Ed Keon, managing director and portfolio manager of Quantitative Management Associates, Newark, N.J. said that investors can expect "good performance" from equities, particularly riskier assets, in part because the economy will grow faster than the consensus estimate. Fueling the economic growth in 2013, both in the U.S. and globally, will be a "healing labor market," vibrancy of home prices and recovering auto sales.
Equity yields, which averaged 15 percent in 2012 and 10 percent over the last several years, should continue into 2013, sustaining a bull market.
"The worst of the financial crisis is behind us," he said. "The markets will improve in 2013. And as this happens, investors will shift from extreme risk aversion to a more normal view of risk.
"Riskier assets are now priced more rationally in past years," he added. "This more rational pricing is good news."
John Praveen, managing director and chief investment strategist for Prudential International Investment Advisers LLC, noted an usual dichotomy of 2012: weak economic performance and strong markets, the trend being particularly pronounced in Japan, Europe, India and China. Market gains continued despite subpar economic performance because of measures undertaken by central banks to maintain liquidity and ease borrowing rates. He also cited fiscal stabilization steps in the eurozone and a modest GDP rebound in the U.S. and emerging economies as positive trends.

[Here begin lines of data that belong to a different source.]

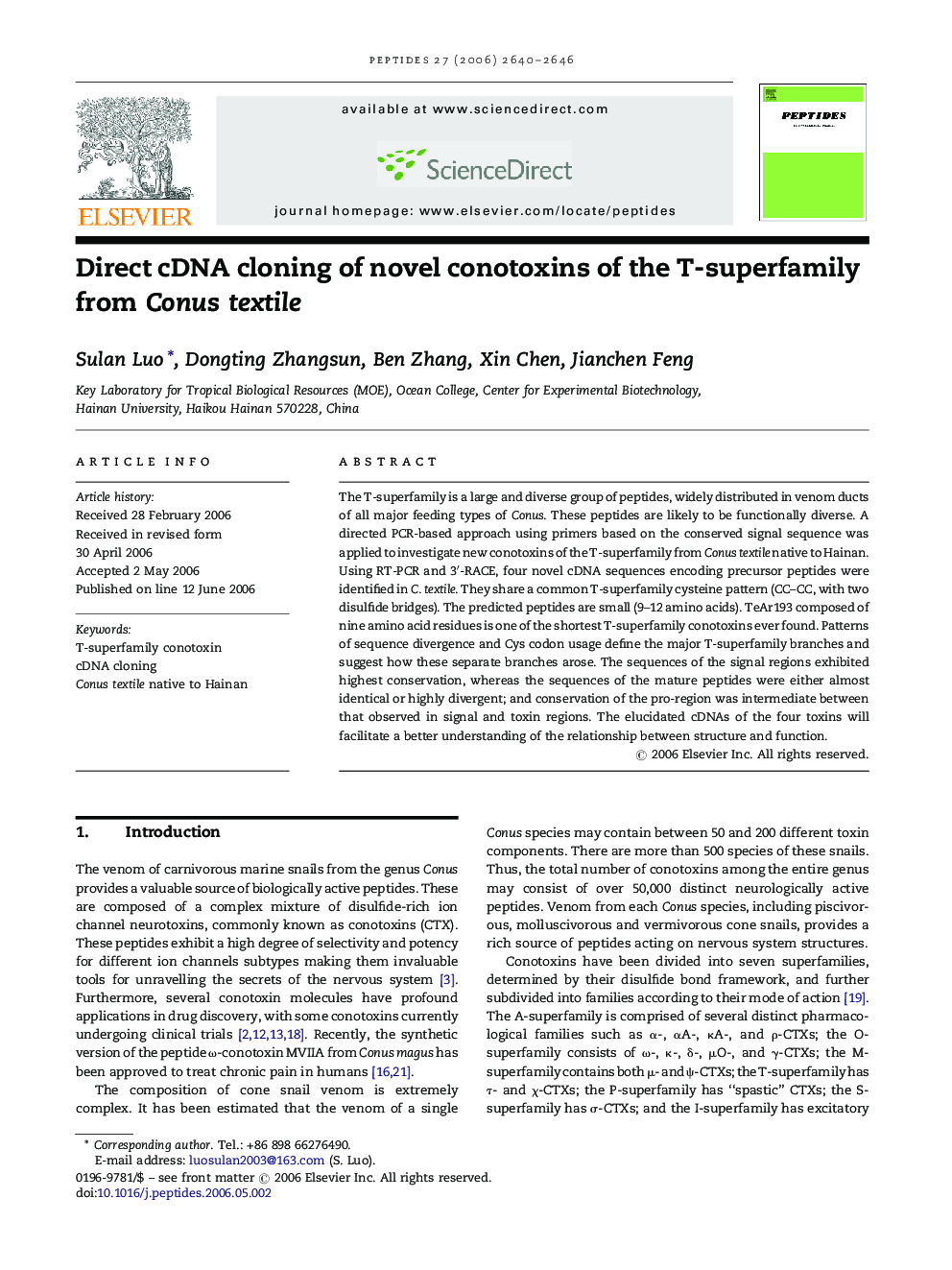 Direct cDNA cloning of novel conotoxins of the T-superfamily from Conus textile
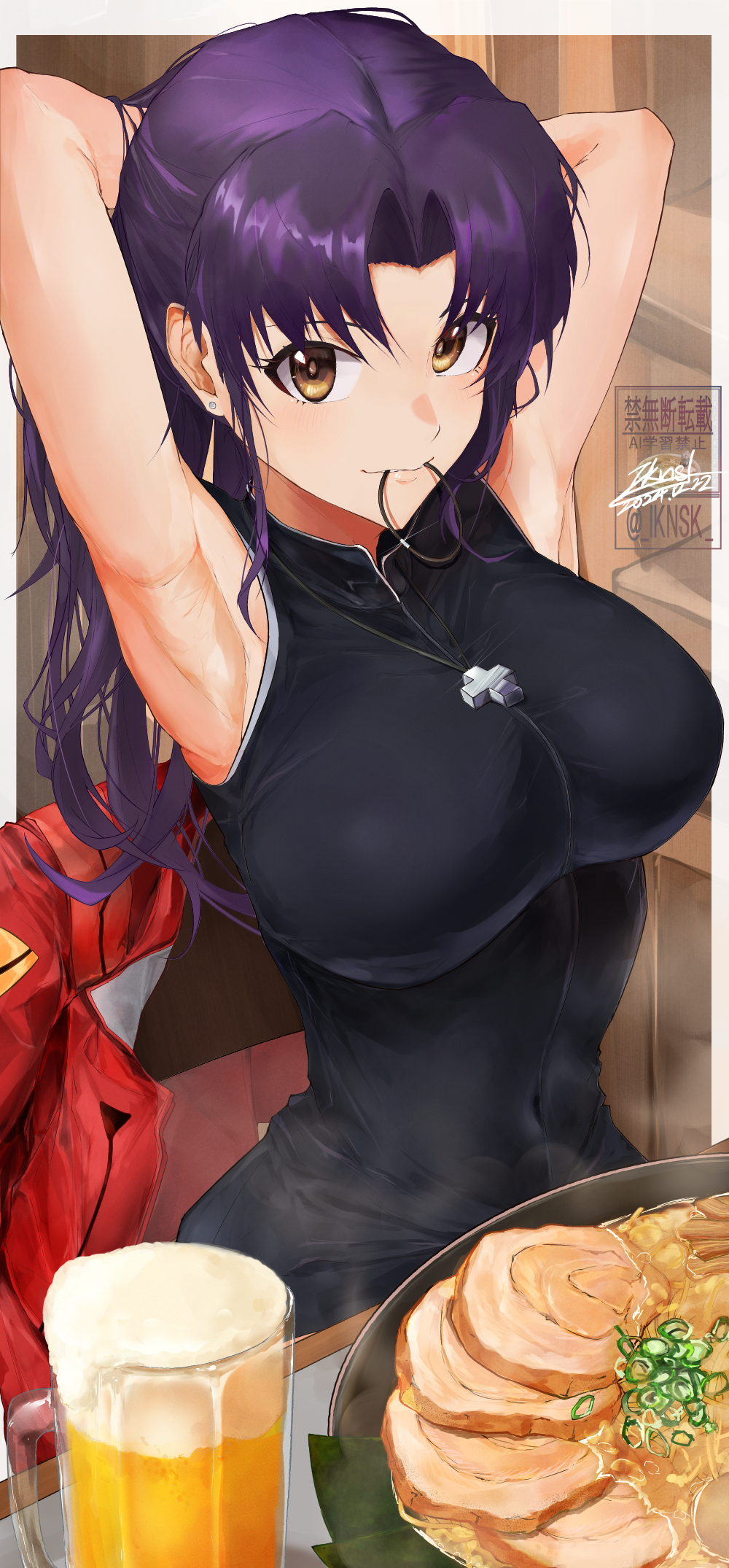 1girl alcohol armpits arms_behind_head beer breasts earrings female_focus food gainax hair_tie hair_tie_in_mouth highres iknsk jacket jewelry katsuragi_misato large_breasts long_hair looking_at_viewer mature_female mouth_hold neon_genesis_evangelion nerv noodles presenting_armpit purple_hair ramen red_jacket signature smile solo yellow_eyes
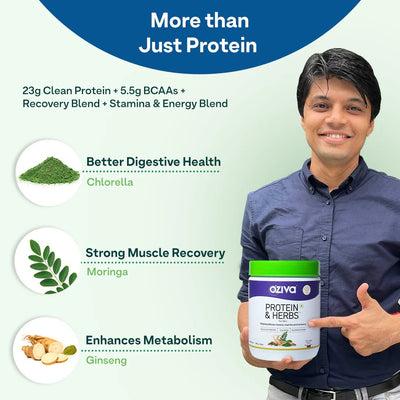 Oziva Protein & Herbs for Men I Muscle Building, Stamina Recovery - Oziva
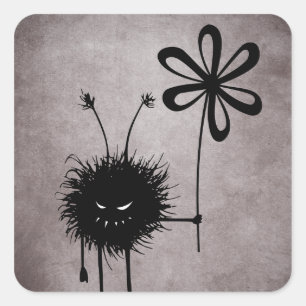 Carré Sticker Vintage pour le virus de la fleur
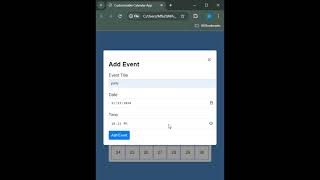 Quick Guide Build a Calendar App with HTML CSS and JavaScript shorts coding viralshorts [upl. by Amoreta]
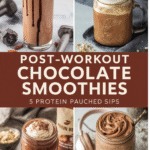 Post-workout chocolate high protein smoothies in jars and glasses.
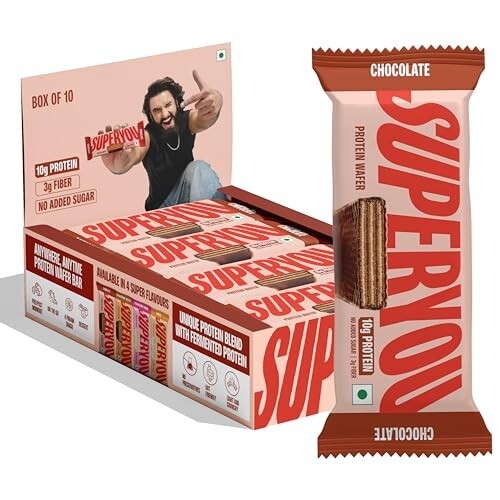 SuperYou Chocolate Protein Wafer Bars (Pack of 10)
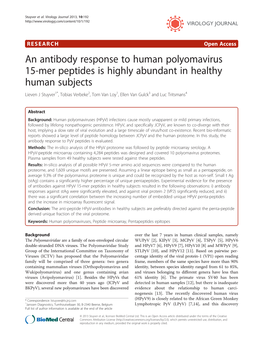 An Antibody Response to Human Polyomavirus 15-Mer Peptides Is Highly Abundant in Healthy Human Subjects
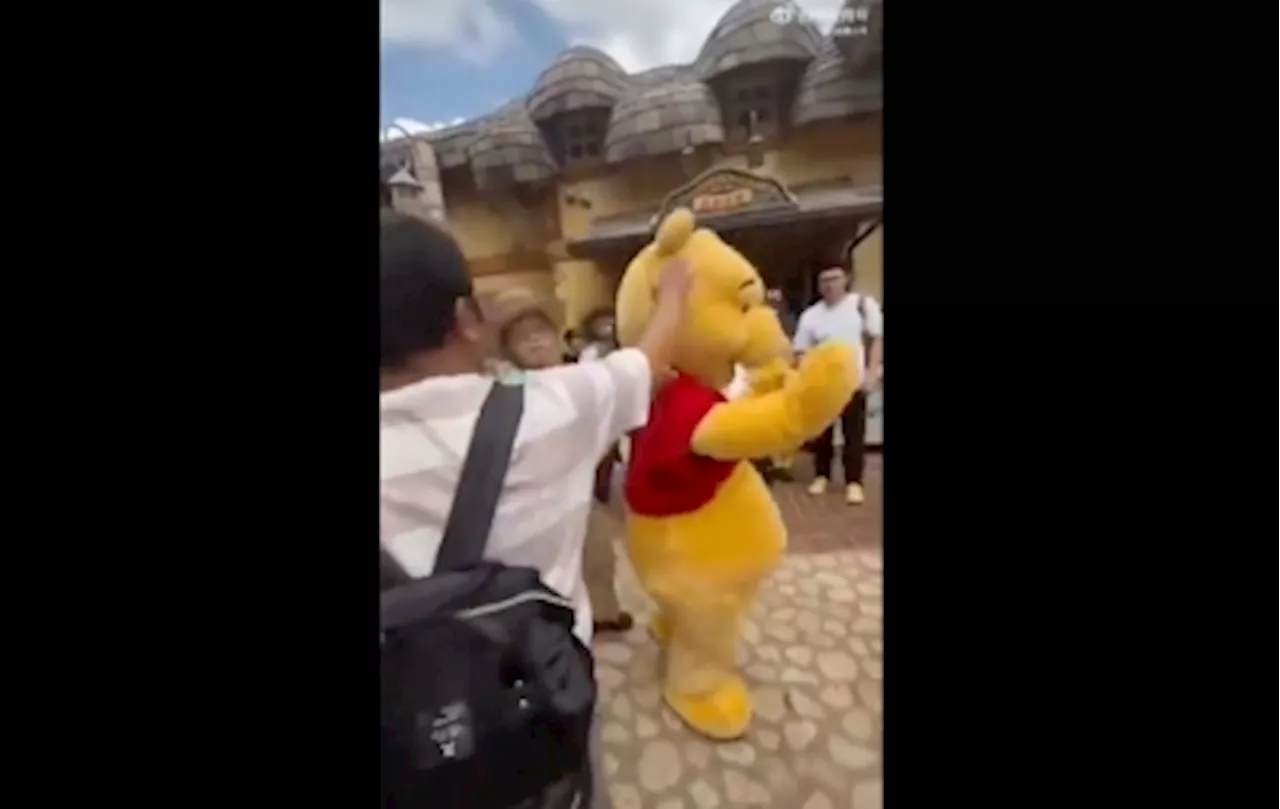 Un-bear-able: Shanghai Disneyland visitor slaps Winnie the Pooh mascot in viral clip (VIDEO)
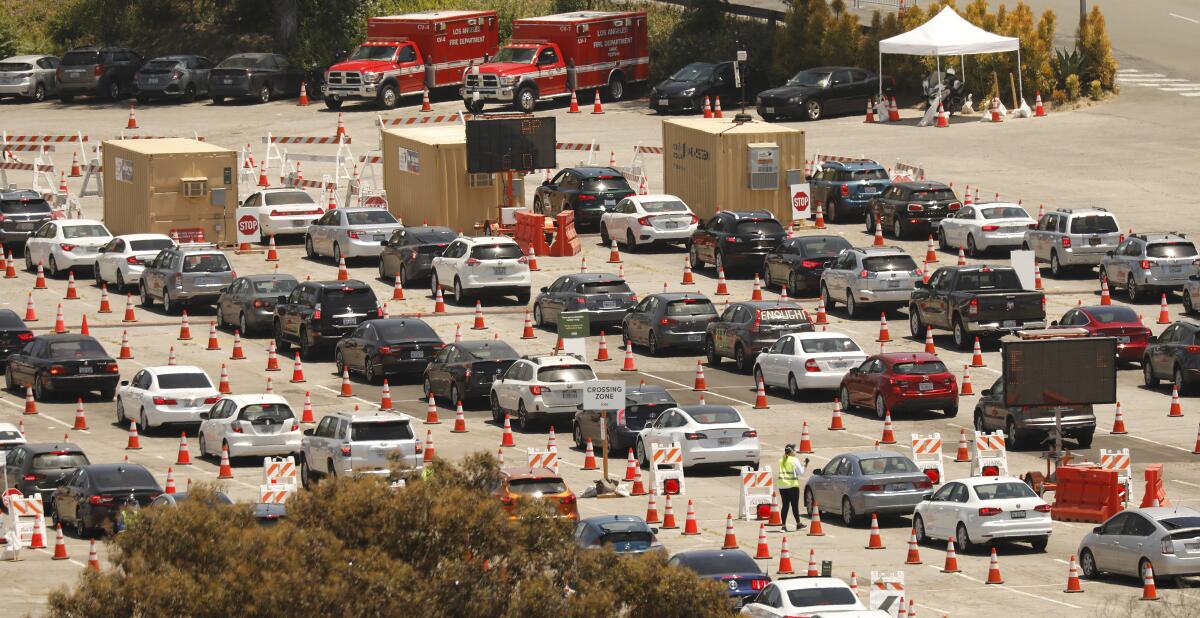 Drivers line up for coronavirus tests at Dodgers Stadium last summer.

"The factors that drove markets up will continue to be in play in 2013, boosting global stocks by 10 to 15 percent," said Praveen. "Central banks will keep interest rates low. And we can expect further fiscal stabilization measures in the eurozone and elsewhere."
However, Quincy Krosby, chief market strategist at Prudential Annuities, cautioned that Prudential is maintaining a "defensive barbell" strategy in 2013 because of "tremors" in the equities markets that could bring a halt to the rise in market valuations. She noted, for example, that central banks could tighten monetary policy to counteract inflation concerns.
Michael Lillard, managing director and chief investment officer of Prudential Fixed Income, said that low economic growth and low inflation, combined with high demand for pension funds, contributed to low Treasury rates and "declining spreads" across fixed income sectors in 2012. For 2013, he foresees continuing low yields on fixed income assets, due in part to the "cloud hanging over the U.S. economy," specifically uncertainty as to how Congress will resolve the ongoing fiscal crisis.
He is optimistic, however, about the performance of emerging markets, which should drive up the value of their currencies relative to the U.S. dollar.
"We're very positive about the outlook for emerging markets," he said. "We expect to see higher growth rates in these countries. And so their currencies will outperform."
George Castineiras, a senior vice president of total retirement solutions at Prudential Retirement, was similarly upbeat about the growth outlook of retirement planning in 2013. Now valued at $18.5 trillion worldwide, retirement assets will grow markedly in 2013 and subsequent years, fed by the burgeoning ranks of the baby boomers, the eldest of whom turned age 65 in 2011.
"There's going to be a lot of [retirement] money in motion in 2013," he said. "I'm optimistic about the growth opportunities because of the favorable long-term demographics."
In tandem with the market's growth, he added, retirement planning in the workplace will also evolve, as employers look to implement 401(k) plans that are a hybrid of defined benefit and defined contribution plans. Many of the new arrangements will boast "auto enrollment, auto investment and auto income" as plan features.
Castineiras added that he is optimistic that the tax-favored treatment of qualified retirement accounts will largely survive the coming battle over tax reform. Legislative action negatively impacting these accounts would likely be limited to high wage-earners, he said.